Fig1. Focal and segmental glomerulosclerosis, not otherwise specified (NOS). Haematoxylin and eosin. A portion of the tuft between 1 and 2 o’clock is replaced by fibrous stroma, with closure of the capillary lumens. This part of the glomerulus also adheres to Bowman’s capsule (arrow) (see Plate 21).

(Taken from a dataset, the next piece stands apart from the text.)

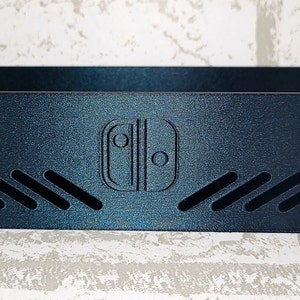 May include: A black plastic stand with a Nintendo Switch logo and ventilation slots. The stand is designed to hold a Nintendo Switch console.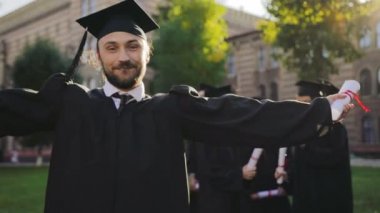 Kamera önünde duran ve parmağını pes neşeli çekici erkek mezunu. Arka planda mezunları. Açık havada. Portre vurdu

Table1. Classification of FSGS by cause with histological findings
Immunofluorescence
• Non- specific entrapment of IgM and C3 may be seen in areas of sclerosis.
Electron microscopy
• Primary FSGS: extensive podocyte foot process effacement, often with microvillous change, as for MCD. There are no electron- dense deposits.
• Secondary FSGS: segmental podocyte foot process effacement; there may also be evidence of an underlying disease causing the scarring, such as immune complex glomerulonephritis (in which case, electron- dense deposits may be seen).
Prognosis
• Depends on whether primary or secondary FSGS, and on the histological variant: tip variant has a better outcome, and collapsing variant has a worse outcome.
• Commonly leads to progressive renal insufficiency.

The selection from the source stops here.